It is essential that FC++ be reimplemented so that the maximum arity
is configurable. This is particularly important if FC++ is to be
integrable into other C++ frameworks. For instance, I'd like to
implement some logical formalisms using FC++ functoids as atomic
predicates; for this I'd need arity well above 3.

Making arity configurable can be done using the Boost Preprocessor
library. In some cases it will be straightforward; in other cases --
for example with currying -- a new implementation will be required,
more along the lines of the current lambda implementation (though it
should use MPL).

4. Support for reference parameters.

It is essential that FC++ funtoids be able to handle (non-const)
reference parameters. Without this, a large part of the usefulness of
FC++ with the STL and other frameworks is lost. This is unacceptable
to me, since usefulness of FC++ with other C++ frameworks is my 2nd
most important criterion.

I am very encouraged that Brian seemed to discover a way to do this
(message Thursday, February 19, 2004 3:03 PM). I'm not sure the
solution generalizes well to higher arities.

5. Simplifications

Several major simplifications should be made to the functoid part of
the library.

A) fun0, fun1, ... should be replaced by a single template 'functoid'
able to handle multiple arities. I'd suggest using a function type as
the template parameter, as in Boost.Function. I mentioned this already
under naming, but it's more than a simple name change since it would
require some reimplementation.

B) Rather than having users define direct functoids, then wrapping
them in full functoids when they want to take advantage of 'sugar', it
should be made easy to define full funtoids, so that all function
objects designed for use with FC++ can be expected to be full. (One
still needs adapters for foreign function objects, of course.) I think
this could be done with macros, e.g.:

    struct plus {
       // declare signature.
       BOOST_FCPP_LAMBDA_SUPPORT(2, plus)
       int operator() (int, int);
    };

I thought I remembered several reviewers suggesting this, but looking
back, I don't see it. Brian's suggestion for allowing non-const
reference parameters seems to require different overloads of
operator() depending on which parameter types were declared to take
non-const references. If this is true, more information might have to
be passed to the macro to avoid an explosion of (mostly disabled)
overloads.

One could still keep 'full' as an implementation detail, of course.

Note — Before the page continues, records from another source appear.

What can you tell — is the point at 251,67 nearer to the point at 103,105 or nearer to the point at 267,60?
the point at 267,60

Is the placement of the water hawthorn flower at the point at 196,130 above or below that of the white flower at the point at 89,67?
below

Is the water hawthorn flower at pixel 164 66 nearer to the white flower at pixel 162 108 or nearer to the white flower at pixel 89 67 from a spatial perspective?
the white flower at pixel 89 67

C) The technique for handling signatures of momomorphic and
polymorphic funtoids can be unified. Currently polymorphic functoids
declare their signatures using a nested sig template. Monomorphic
functoids declare their signatures with a nested sig template taking
dummy template arguments, together with typedefs first_argument_type,
second_argument_type and third_argument_type.

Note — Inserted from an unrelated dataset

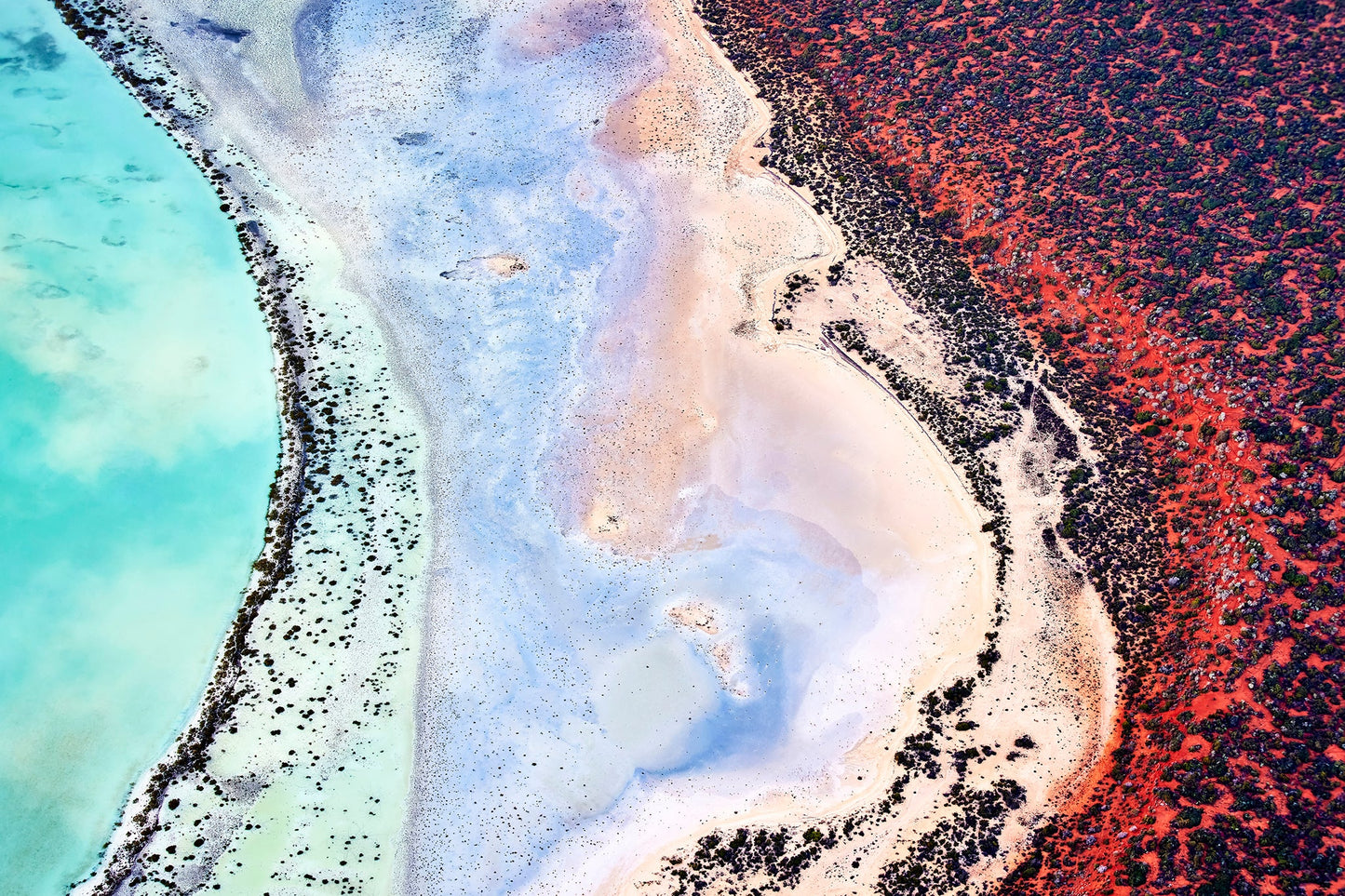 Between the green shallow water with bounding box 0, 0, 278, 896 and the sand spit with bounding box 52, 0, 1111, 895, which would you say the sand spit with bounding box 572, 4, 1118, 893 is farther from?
the green shallow water with bounding box 0, 0, 278, 896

I suggest a single, unified system. Here is one way to do it:

Let a functoid's signature be represented by a nested typedef
'signature' of function type. In the monomorphic case, the argument
types and return type would be concrete types (int, string,
functoid<int(long)>, etc.). For polymorphic functoids, the argument
types would be formal placeholders; the return type would be an MPL
metafunction class or lambda expression evaluating to the return type
of the functoid when invoked with arguments having a given sequence of
types. I may have made it sound complicated, but it's really simple.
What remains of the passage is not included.